### THE RECORDS

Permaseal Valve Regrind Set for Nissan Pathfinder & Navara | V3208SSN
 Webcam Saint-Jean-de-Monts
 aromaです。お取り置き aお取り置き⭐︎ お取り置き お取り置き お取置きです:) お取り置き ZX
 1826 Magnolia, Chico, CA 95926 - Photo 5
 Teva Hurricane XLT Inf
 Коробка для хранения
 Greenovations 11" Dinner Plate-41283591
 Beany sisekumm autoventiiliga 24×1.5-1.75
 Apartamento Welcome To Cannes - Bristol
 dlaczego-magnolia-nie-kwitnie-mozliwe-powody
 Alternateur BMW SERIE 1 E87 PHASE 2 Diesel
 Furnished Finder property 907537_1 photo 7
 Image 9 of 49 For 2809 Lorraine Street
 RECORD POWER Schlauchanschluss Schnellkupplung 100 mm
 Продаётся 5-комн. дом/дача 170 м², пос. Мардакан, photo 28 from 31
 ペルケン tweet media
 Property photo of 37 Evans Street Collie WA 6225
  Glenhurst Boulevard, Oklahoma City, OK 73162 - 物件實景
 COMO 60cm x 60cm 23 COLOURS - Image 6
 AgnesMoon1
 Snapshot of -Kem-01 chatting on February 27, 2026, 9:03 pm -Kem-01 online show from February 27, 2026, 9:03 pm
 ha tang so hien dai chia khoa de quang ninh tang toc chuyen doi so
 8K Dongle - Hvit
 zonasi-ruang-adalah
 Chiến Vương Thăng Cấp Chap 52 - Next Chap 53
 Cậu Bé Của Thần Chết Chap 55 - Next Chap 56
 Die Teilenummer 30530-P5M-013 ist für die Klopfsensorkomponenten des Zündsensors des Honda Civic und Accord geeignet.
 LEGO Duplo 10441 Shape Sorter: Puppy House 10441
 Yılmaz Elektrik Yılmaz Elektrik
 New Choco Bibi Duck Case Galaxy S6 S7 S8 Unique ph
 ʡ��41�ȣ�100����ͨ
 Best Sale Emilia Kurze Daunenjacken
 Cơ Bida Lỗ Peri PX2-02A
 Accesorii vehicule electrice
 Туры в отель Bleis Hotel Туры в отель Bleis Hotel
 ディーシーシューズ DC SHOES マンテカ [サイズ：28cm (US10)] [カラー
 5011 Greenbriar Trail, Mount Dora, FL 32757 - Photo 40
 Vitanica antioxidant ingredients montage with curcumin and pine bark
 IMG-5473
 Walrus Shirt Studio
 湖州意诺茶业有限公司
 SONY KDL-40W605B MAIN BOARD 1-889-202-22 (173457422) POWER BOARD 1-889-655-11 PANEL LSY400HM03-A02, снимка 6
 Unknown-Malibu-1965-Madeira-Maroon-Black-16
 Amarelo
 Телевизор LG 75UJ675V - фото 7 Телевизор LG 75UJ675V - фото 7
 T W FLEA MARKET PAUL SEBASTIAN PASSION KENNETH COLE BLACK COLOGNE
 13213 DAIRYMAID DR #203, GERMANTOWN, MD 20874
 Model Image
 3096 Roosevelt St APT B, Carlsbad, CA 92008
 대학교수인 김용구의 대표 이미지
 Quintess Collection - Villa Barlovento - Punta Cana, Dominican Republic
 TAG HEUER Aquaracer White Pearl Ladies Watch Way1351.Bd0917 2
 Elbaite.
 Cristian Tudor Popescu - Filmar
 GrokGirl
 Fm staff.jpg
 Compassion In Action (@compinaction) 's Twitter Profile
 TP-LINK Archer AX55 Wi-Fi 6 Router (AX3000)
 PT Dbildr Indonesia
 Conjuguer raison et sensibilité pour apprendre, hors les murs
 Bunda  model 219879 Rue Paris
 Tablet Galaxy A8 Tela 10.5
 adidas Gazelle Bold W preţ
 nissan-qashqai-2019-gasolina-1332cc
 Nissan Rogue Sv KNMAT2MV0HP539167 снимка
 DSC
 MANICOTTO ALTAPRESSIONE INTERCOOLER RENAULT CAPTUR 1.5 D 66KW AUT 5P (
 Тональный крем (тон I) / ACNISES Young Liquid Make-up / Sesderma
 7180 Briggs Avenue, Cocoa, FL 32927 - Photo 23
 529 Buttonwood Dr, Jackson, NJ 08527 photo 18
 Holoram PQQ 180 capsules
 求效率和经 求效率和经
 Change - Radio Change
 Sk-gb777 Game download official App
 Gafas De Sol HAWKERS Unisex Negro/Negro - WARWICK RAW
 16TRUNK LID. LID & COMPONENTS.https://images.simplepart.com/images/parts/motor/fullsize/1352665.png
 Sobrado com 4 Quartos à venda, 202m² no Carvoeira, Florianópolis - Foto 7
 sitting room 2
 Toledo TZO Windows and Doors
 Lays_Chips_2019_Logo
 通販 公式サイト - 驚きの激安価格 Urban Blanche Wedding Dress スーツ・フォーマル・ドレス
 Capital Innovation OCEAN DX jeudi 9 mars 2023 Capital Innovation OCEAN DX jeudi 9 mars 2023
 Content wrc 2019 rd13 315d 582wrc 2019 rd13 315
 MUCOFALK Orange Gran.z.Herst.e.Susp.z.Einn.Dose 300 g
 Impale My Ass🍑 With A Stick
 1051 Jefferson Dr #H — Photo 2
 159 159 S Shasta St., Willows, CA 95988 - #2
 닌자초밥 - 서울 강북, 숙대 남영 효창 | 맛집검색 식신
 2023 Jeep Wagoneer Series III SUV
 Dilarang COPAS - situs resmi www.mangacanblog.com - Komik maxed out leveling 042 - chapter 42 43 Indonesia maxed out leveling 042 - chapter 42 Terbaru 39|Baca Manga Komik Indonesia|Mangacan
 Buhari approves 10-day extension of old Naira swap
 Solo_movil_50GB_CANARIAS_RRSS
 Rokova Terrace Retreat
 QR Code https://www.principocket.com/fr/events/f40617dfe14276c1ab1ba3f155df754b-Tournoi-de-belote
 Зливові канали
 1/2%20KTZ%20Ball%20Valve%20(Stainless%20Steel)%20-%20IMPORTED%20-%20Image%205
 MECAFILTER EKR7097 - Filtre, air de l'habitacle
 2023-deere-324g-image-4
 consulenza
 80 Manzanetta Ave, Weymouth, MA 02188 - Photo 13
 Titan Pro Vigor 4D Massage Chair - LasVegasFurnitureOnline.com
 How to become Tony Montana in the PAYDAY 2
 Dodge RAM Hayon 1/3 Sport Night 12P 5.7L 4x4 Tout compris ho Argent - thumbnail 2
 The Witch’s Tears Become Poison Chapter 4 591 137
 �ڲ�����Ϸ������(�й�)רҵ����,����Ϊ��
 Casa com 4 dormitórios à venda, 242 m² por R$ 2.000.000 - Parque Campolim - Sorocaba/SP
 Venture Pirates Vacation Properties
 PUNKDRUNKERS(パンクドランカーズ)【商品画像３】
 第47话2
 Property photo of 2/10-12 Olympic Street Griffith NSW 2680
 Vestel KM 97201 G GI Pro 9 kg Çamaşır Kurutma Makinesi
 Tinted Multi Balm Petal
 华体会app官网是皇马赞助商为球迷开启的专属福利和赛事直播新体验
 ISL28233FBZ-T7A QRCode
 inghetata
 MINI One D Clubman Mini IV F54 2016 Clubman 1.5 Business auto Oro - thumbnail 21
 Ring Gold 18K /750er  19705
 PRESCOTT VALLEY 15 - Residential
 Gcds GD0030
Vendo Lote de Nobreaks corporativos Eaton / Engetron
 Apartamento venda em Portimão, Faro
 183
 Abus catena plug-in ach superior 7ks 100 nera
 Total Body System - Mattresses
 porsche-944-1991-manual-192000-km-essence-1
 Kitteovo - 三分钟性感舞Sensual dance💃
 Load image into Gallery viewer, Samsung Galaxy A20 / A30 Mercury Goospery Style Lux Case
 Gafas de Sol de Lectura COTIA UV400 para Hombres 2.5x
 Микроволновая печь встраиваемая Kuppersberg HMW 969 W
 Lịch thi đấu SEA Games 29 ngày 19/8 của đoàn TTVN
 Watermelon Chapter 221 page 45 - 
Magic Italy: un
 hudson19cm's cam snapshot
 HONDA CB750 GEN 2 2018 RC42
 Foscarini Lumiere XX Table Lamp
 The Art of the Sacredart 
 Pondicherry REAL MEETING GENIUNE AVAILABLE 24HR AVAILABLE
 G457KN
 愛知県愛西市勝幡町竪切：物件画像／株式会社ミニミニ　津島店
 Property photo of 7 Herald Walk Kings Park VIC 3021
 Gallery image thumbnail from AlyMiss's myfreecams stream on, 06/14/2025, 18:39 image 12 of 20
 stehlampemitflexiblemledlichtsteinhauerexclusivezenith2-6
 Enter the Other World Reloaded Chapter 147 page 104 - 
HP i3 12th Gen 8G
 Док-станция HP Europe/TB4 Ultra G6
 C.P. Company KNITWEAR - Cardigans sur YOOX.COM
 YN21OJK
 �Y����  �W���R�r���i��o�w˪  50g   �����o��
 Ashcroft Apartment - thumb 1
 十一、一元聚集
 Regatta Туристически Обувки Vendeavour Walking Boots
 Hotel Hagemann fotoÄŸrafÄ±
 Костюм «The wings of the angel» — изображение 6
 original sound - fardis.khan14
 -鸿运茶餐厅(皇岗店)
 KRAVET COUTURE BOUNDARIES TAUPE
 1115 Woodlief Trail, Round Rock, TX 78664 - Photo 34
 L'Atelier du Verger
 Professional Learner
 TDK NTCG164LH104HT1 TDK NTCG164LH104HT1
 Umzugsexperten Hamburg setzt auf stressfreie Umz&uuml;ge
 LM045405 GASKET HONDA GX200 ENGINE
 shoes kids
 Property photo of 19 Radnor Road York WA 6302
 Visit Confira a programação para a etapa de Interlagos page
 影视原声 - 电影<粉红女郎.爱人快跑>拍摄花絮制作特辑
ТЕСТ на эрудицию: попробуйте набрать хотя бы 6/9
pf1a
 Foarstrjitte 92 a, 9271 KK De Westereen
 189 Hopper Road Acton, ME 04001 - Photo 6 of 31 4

######

HOW TO COMPLETE THIS TASK
Could you quote, exactly as they appear, the line containing "original sound - fardis.khan14" and every line after it to the end of the records above?

SOLUTION TO THE PROBLEM
 original sound - fardis.khan14
 -鸿运茶餐厅(皇岗店)
 KRAVET COUTURE BOUNDARIES TAUPE
 1115 Woodlief Trail, Round Rock, TX 78664 - Photo 34
 L'Atelier du Verger
 Professional Learner
 TDK NTCG164LH104HT1 TDK NTCG164LH104HT1
 Umzugsexperten Hamburg setzt auf stressfreie Umz&uuml;ge
 LM045405 GASKET HONDA GX200 ENGINE
 shoes kids
 Property photo of 19 Radnor Road York WA 6302
 Visit Confira a programação para a etapa de Interlagos page
 影视原声 - 电影<粉红女郎.爱人快跑>拍摄花絮制作特辑
ТЕСТ на эрудицию: попробуйте набрать хотя бы 6/9
pf1a
 Foarstrjitte 92 a, 9271 KK De Westereen
 189 Hopper Road Acton, ME 04001 - Photo 6 of 31 4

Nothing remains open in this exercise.